• [YOUR GOAL]: From the first line to the last, copy the material word for word; pictures stay out.

[Opening INFORMATION SUPPLIED section]

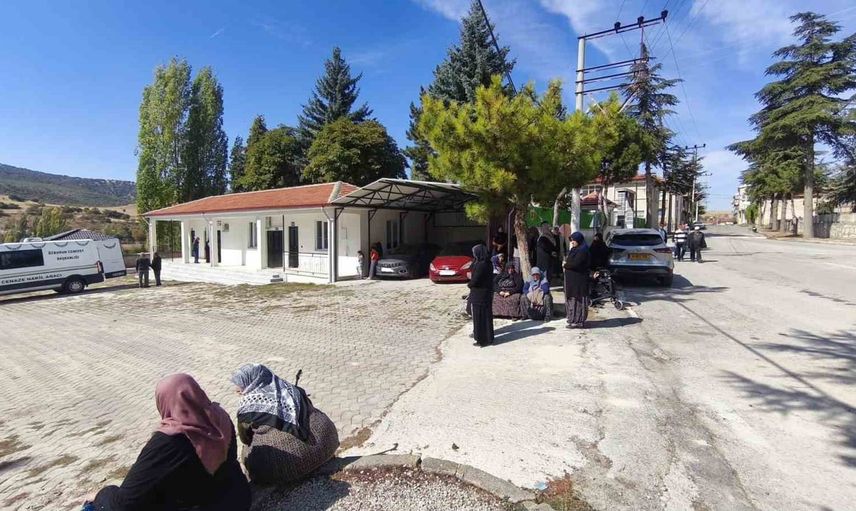 Afyonkarahisar'da gasilhane gölgelik alanı araçlarla doldu, yaşlılar güneş altında kaldı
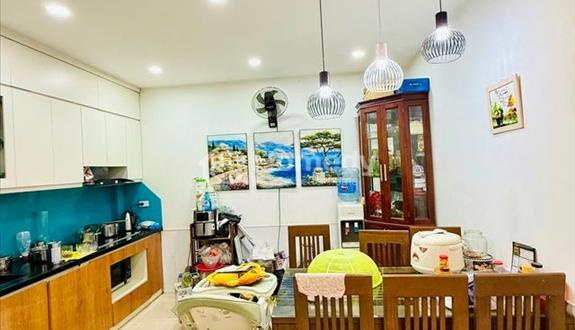 Bán Gấp Nhà Cầu Giấy 40m2 – 5 Tầng - Mặt tiền 4.5m – Giá chỉ 8 tỷ - Ảnh 1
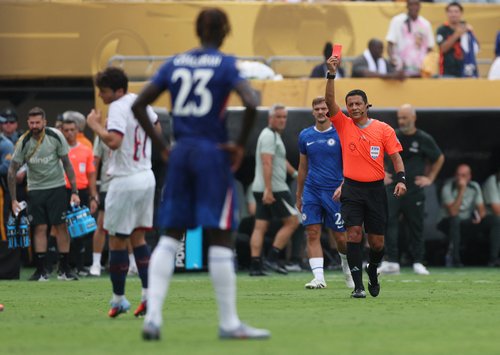 2025-07-13T210626Z_1698140598_UP1EL7D1MMO90_RTRMADP_3_SOCCER-CLUB-CHE-PSG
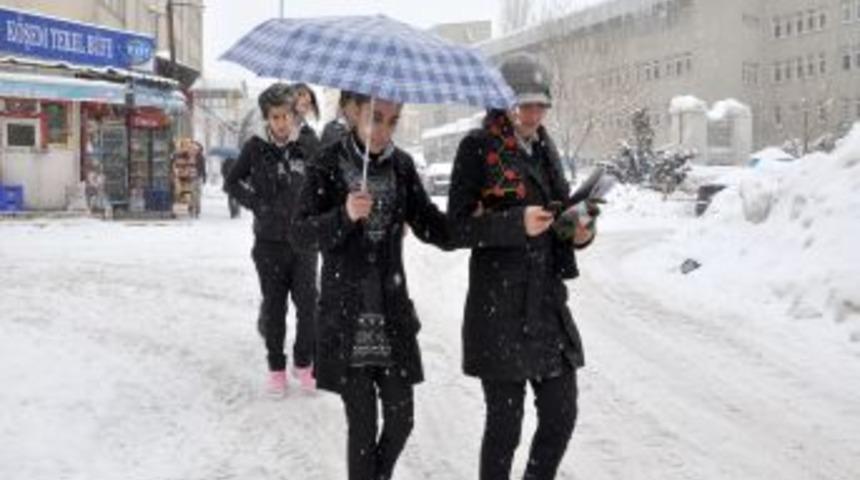 Tunceli'de okullara 3 g&uuml;n kar tatili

[Closing INFORMATION SUPPLIED section]

• [REPLY]:
 Afyonkarahisar'da gasilhane gölgelik alanı araçlarla doldu, yaşlılar güneş altında kaldı
 Bán Gấp Nhà Cầu Giấy 40m2 – 5 Tầng - Mặt tiền 4.5m – Giá chỉ 8 tỷ - Ảnh 1
 2025-07-13T210626Z_1698140598_UP1EL7D1MMO90_RTRMADP_3_SOCCER-CLUB-CHE-PSG
 Tunceli'de okullara 3 g&uuml;n kar tatili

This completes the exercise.